**Required action**
Each line from the one holding "Pilnik iglak diamentowy" through the end of the records should be returned exactly, while pictures are skipped.

**Data records**
#####
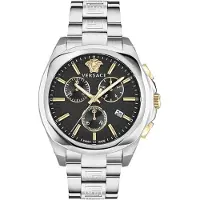 Versace SP Versace Chrono Lady VE3CA0423 Frauenuhr Chrono Lady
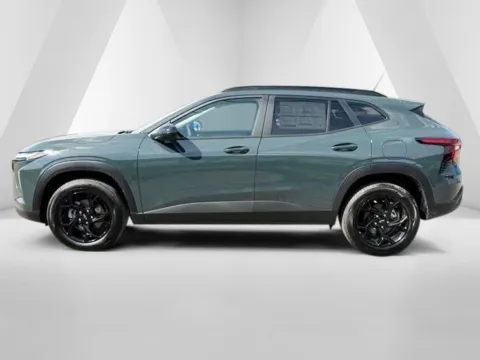 More photos of 2026 Chevrolet Trax LT at Pure Country Automotive, KY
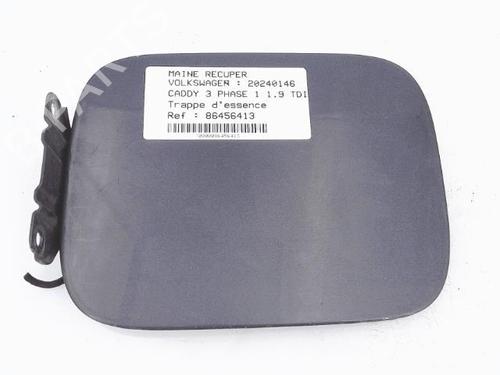 Used Fuel flap VW CADDY III Box Body/MPV (2KA, 2KH, 2CA, 2CH) 1.9 TDI (105 hp) 25360719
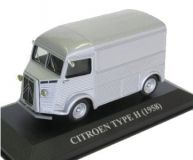 Citroen Type H Transporter (1958)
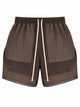 Rick Owens Boxers Shorts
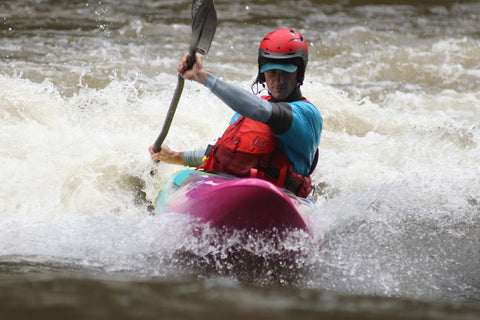 Jackson Flow Surfing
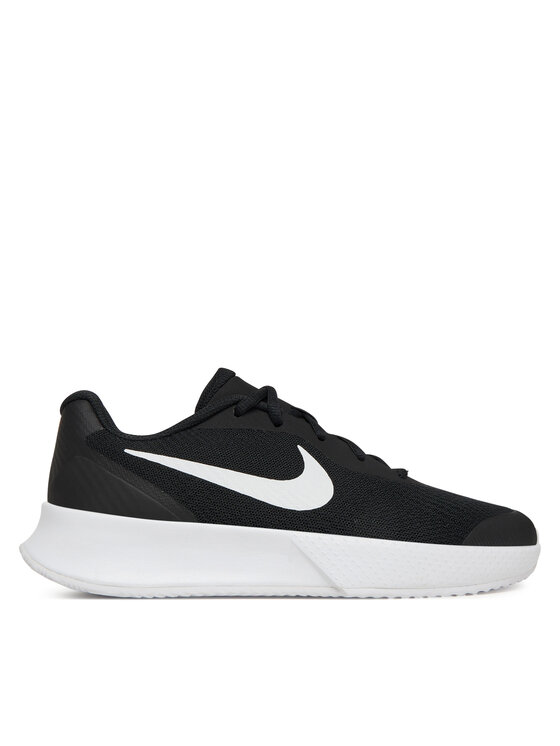 Nike Tenisové topánky Nike W Vapor Lite 3 Cly HQ5291 001 Čierna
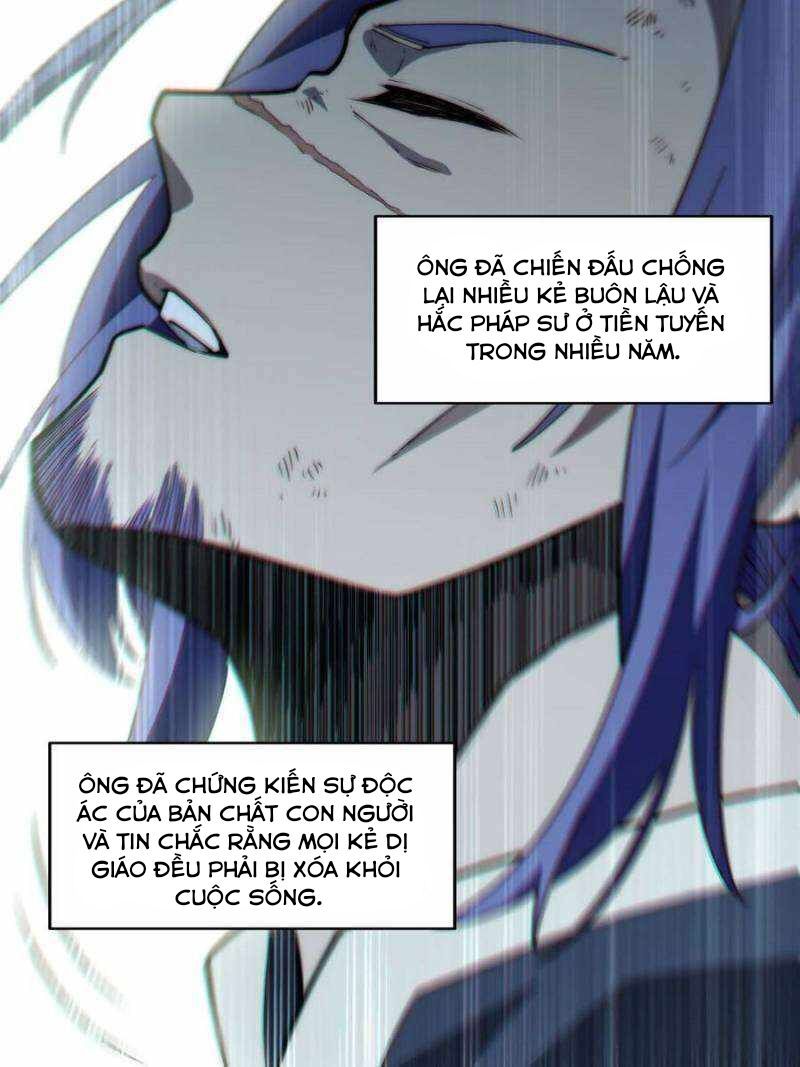 Khô Cốt Hiệp Sĩ Chapter 181 - 18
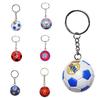 WK Mini Voetbal Sleutelhanger Tas Hanger Cadeau Voor Jongens En Voetbalfans Leuke Stijl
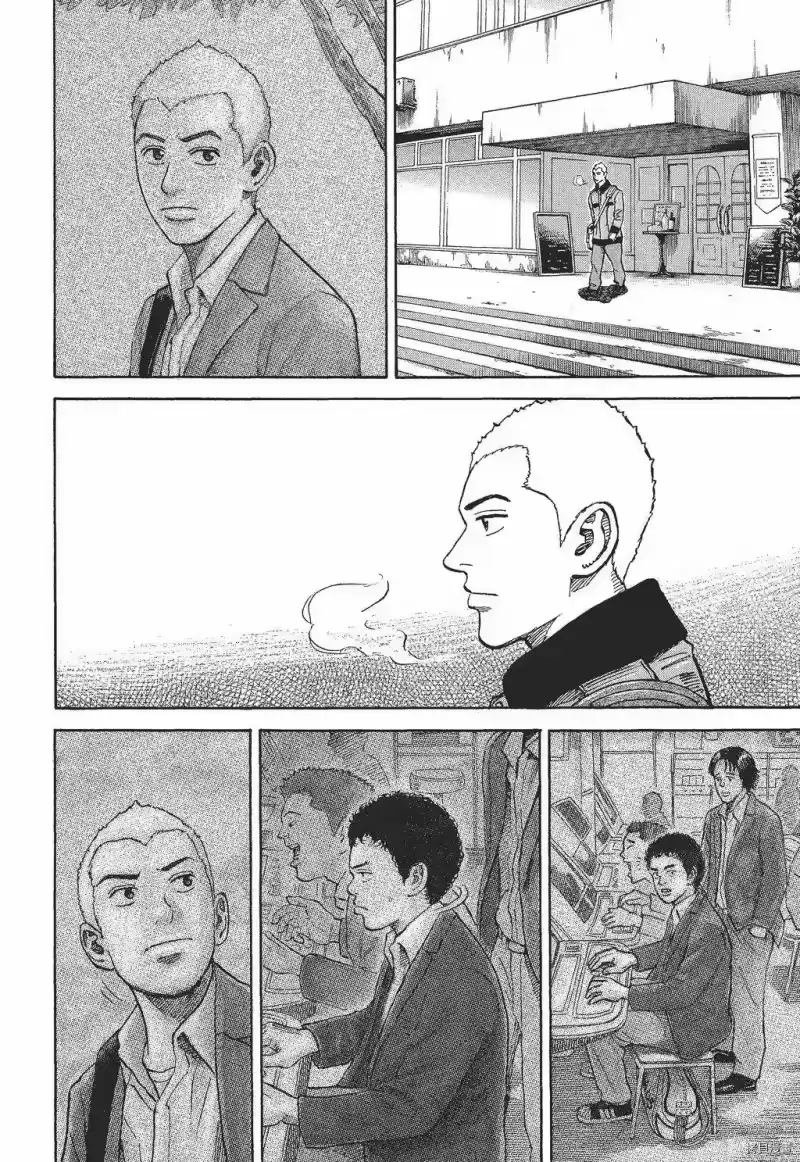 宇宙兄弟_h 第30卷 第144页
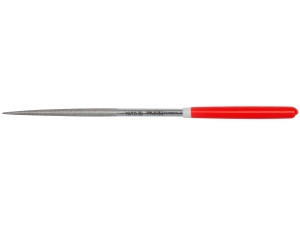 Pilnik iglak diamentowy YATO okrągły 5x180mm do metalu stali YT-6154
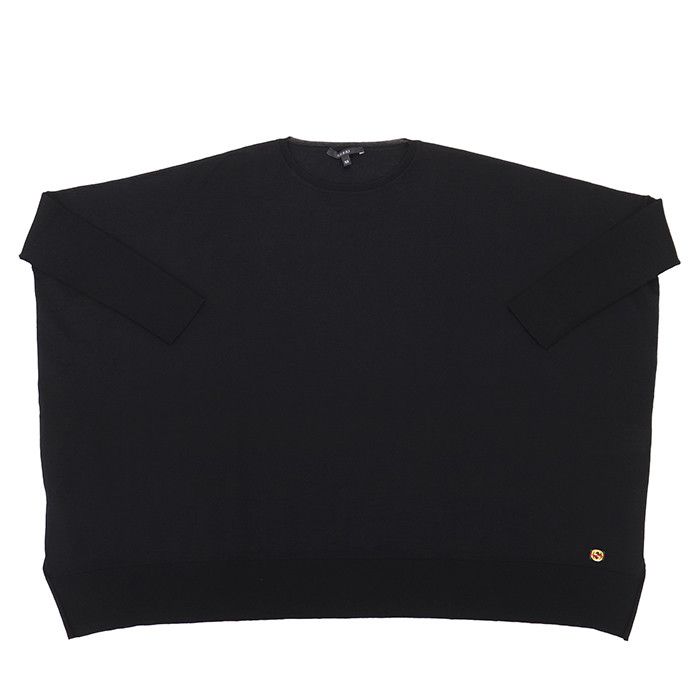 Gucci Gucci Gucci Wool Knit Top Textile Tops DUTY FREE for USA Size ONE SIZE - 8 Thumbnail
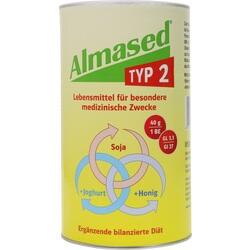 Abbildung klein von Almased Typ 2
#####
**Written response**
 Pilnik iglak diamentowy YATO okrągły 5x180mm do metalu stali YT-6154
 Gucci Gucci Gucci Wool Knit Top Textile Tops DUTY FREE for USA Size ONE SIZE - 8 Thumbnail
 Abbildung klein von Almased Typ 2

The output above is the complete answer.